Detrás del terrorismo y su cuota abominable de sangre -la muerte de cientos de inocentes y la zozobra de millones de civiles indefensos-, se esconde la Guerra Santa. Es una peste tan antigua como la humanidad, y aparece cada vez que una religión fanática trata de imponer sus creencias mediante el temor a la muerte y la violencia sin límite.

La ocasión para la Guerra Santa no puede ser más propicia. Estamos en el final del Ramadán, el ayuno de los musulmanes a lo largo de un mes durante la luz del día. Es el momento de recogimiento espiritual para la meditación, la conciliación del hombre con el mundo, el fin de la confrontación estéril y la barbarie asesina. Y en esta ocasión el Estado Islámico, que se ha destacado por su coordinación internacional a través de Internet, ha logrado un golpe múltiple y sincronizado: un aeropuerto en Turquía, una fuente de helados para niños en Bagdad y un restaurante para diplomáticos en Bangladesh. Por si fuera poco, instruyó a un par de sus fieles suicidas para atacar el lugar sagrado de Medina en Arabia Saudita, y la tumba de Mahoma en Qatif.

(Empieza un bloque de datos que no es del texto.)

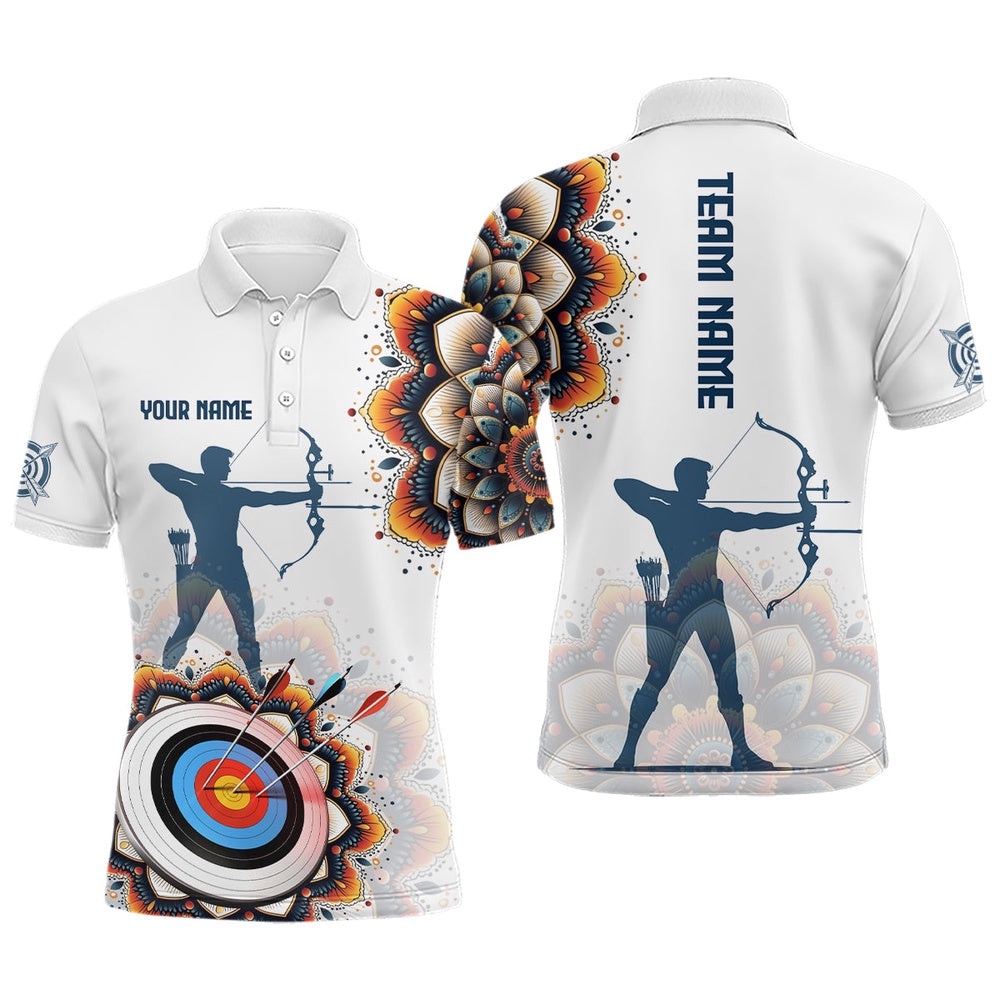 Mandala Flower Archery Target Custom Men Archery Polo Shirts, Archery Polo YYD, Custom Archery Team Polo Shirt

Supuestamente el fenómeno del terrorismo árabe puede entenderse como parte de la pugna histórica entre las sectas sunitas y chiitas. Como miembro de los sunitas, el Estado Islámico está dispuesto a inmolar a cualquiera de sus miembros para combatir a los gobiernos chiitas. Y por supuesto que Estados Unidos puso su roca de arena para atizar los conflictos, al derrocar al gobierno sunita de Saddam Hussein en Irak. Ahora la situación mundial es explosiva, porque el enemigo del Estado Islámico se reduce, ni más ni menos, a todo lo que no es el Estado Islámico. En pocas palabras, a todo el mundo. Y no están jugando.